Variable Description Default (Docker)
ConnectionStrings__Marten PostgreSQL connection string Host=postgres;...
Keycloak__Authority Keycloak realm URL http://host.docker.internal:8080/realms/aichat
Keycloak__Audience Expected JWT audience aichat-web
RabbitMQ__Uri RabbitMQ AMQP connection string amqp://rabbitmq:...@rabbitmq:5672
OpenApi__ServerUrl Public base URL for Scalar docs http://localhost:8000

NotificationService

Variable Description
Keycloak__Authority Same as ChatService
Keycloak__Audience Same as ChatService
RabbitMQ__Uri Same format as ChatService

AiService.Worker

Variable Description Default (Docker)
Ollama__BaseUrl Ollama base URL http://ollama:11434
Ollama__Model Model name to use llama3
OpenAI__ApiKey OpenAI API key (leave empty to use Ollama)
OpenAI__Model OpenAI model name gpt-4.1-2025-04-14
RabbitMQ__Uri Same format as ChatService

To switch from Ollama to OpenAI, set OpenAI__ApiKey to a valid key in docker-compose.override.yml:

aiserviceworker:
  environment:
    - OpenAI__ApiKey=sk-...

API Reference

All API calls go through Kong at http://localhost:8000. Every endpoint requires a valid Keycloak Bearer token. The full interactive spec is available at http://localhost:8000/scalar.

Chat endpoints

Method Path Description
POST /api/chat/start Create a new chat session
POST /api/chat/message Send a user message
POST /api/chat/close Close and archive a session
GET /api/chat/user/conversations List all sessions for the current user
GET /api/chat/conversation/{sessionId} Get session metadata
GET /api/chat/conversation/{sessionId}/messages Get all messages in a session

Start a session:

POST /api/chat/start
{ "title": "My first chat" }

→ 202 Accepted
{ "id": "3fa85f64-5717-4562-b3fc-2c963f66afa6" }

Send a message:

POST /api/chat/message
{ "sessionId": "3fa85f64-...", "content": "What is event sourcing?" }

→ 202 Accepted

The response streams back via SignalR — the HTTP response for sendMessage is just an acknowledgement.

SignalR hub

Connect to /hubs/chat with a valid Bearer token. The hub pushes three event types:

Event Payload Description
ReceiveToken { requestId, sessionId, token } A single streamed token from the LLM
ReceiveCompleted { requestId, sessionId } LLM finished — full response now persisted
ReceiveGaveUp { requestId, sessionId, reason } LLM failed — reason is one of LLM_ERROR, LLM_TIMEOUT, MAX_RETRIES_EXCEEDED, SESSION_DELETED

End-to-End Message Flow

1. User types a message and hits Send
   └─► Angular MessageStore.sendMessage()
       └─► POST /api/chat/message  (HTTP via Kong)

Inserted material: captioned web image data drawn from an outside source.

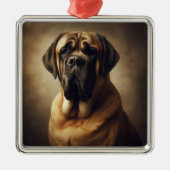 Mastiff Ornament Aus Metall (Vorne)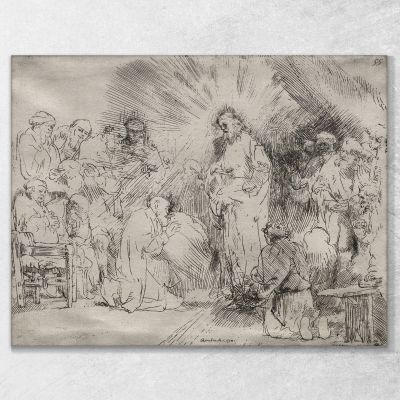 Christ Appearing To The Apostles Rembrandt van Rijn rvr36 canvas print 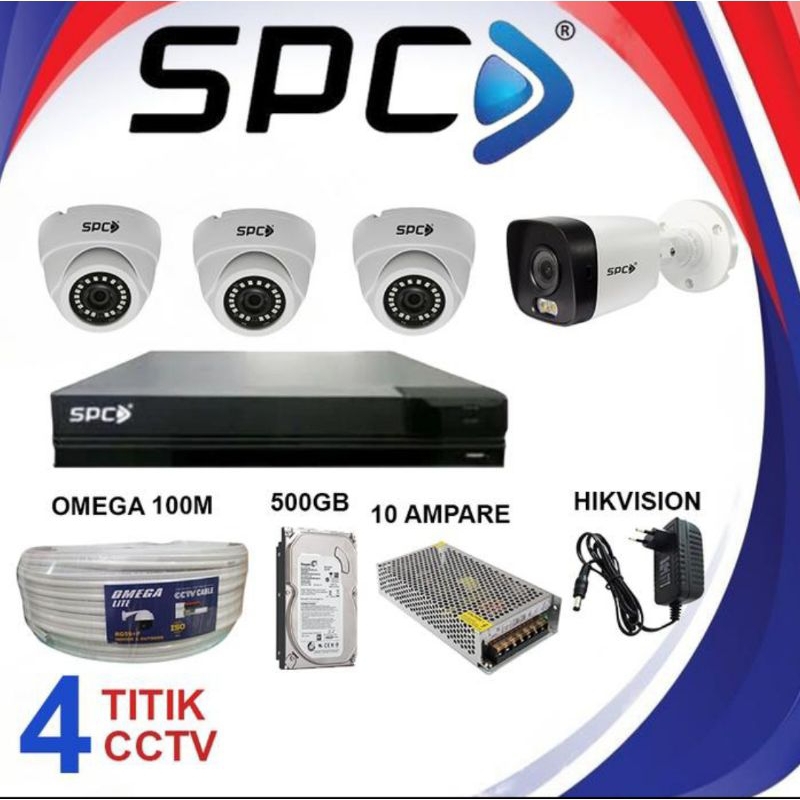 PAKET CCTV FULL SPC TKDN 2 MEGAPIXEL / 2MP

2. ChatService.SendMessageHandler
   └─► Creates MessageAggregate → appends MessageCreatedEvent to Marten event stream
   └─► Marten MessageProjection stores a MessageDto read model (inline, synchronous)

3. ConversationSaga receives MessageCreatedEvent
   └─► If not currently processing: calls PromptBuilder.BuildAsync()
       └─► Queries last 20 MessageDtos ordered by SentAt
       └─► Builds conversation history string
   └─► Publishes LlmResponseRequestedEvent → RabbitMQ "llm-requests" queue
   └─► If already processing: enqueues message ID in PendingMessageIds

4. AiService.Worker.GenerateAiResponseHandler receives LlmResponseRequestedEvent
   └─► Calls IChatClient.GetStreamingResponseAsync (Ollama or OpenAI)
   └─► For each token: publishes LlmTokenGeneratedEvent → RabbitMQ
   └─► On completion: publishes LlmResponseCompletedEvent → RabbitMQ
   └─► On failure (up to 3 attempts): publishes LlmResponseRetryingEvent, then
       LlmResponseGaveUpEvent with reason code

5. NotificationService receives LlmTokenGeneratedEvent
   └─► Looks up the user's SignalR connection
   └─► Calls Hub.Clients.User().SendAsync("ReceiveToken", ...)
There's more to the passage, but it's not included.